* [What to work on] Your task is to give the listing below back word for word, pictures excluded.

* [Data segment]
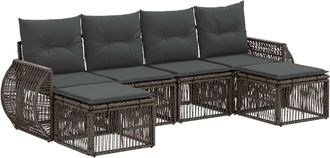 vidaXL Conjunto De Sof&aacute;s De Jard&iacute;n 6 Uds. Gris Y Gris Oscuro Vidaxl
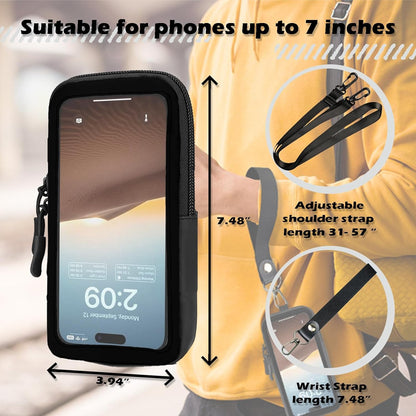 Cell Phone Sleeve Pouch Case Bag with Adjustable Crossbody Strap and Wrist Strap, Touchscreen-Friendly Clear Cell Phone Purse Bag with Carabiner for Men Women (Clear Black- A)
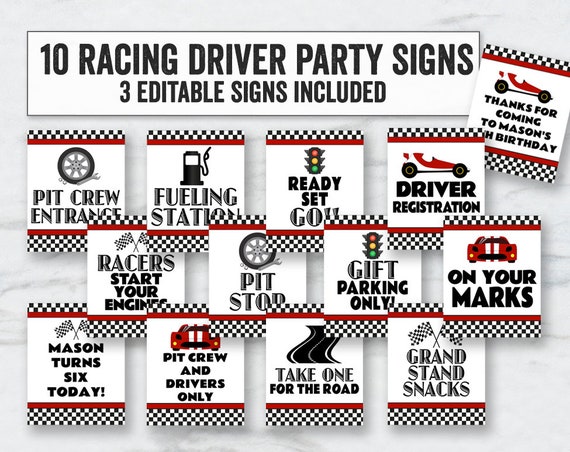 Racing Driver Printable Party Signs Editable Race Car Party | Etsy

* [Problem solution]
 vidaXL Conjunto De Sof&aacute;s De Jard&iacute;n 6 Uds. Gris Y Gris Oscuro Vidaxl
 Cell Phone Sleeve Pouch Case Bag with Adjustable Crossbody Strap and Wrist Strap, Touchscreen-Friendly Clear Cell Phone Purse Bag with Carabiner for Men Women (Clear Black- A)
 Racing Driver Printable Party Signs Editable Race Car Party | Etsy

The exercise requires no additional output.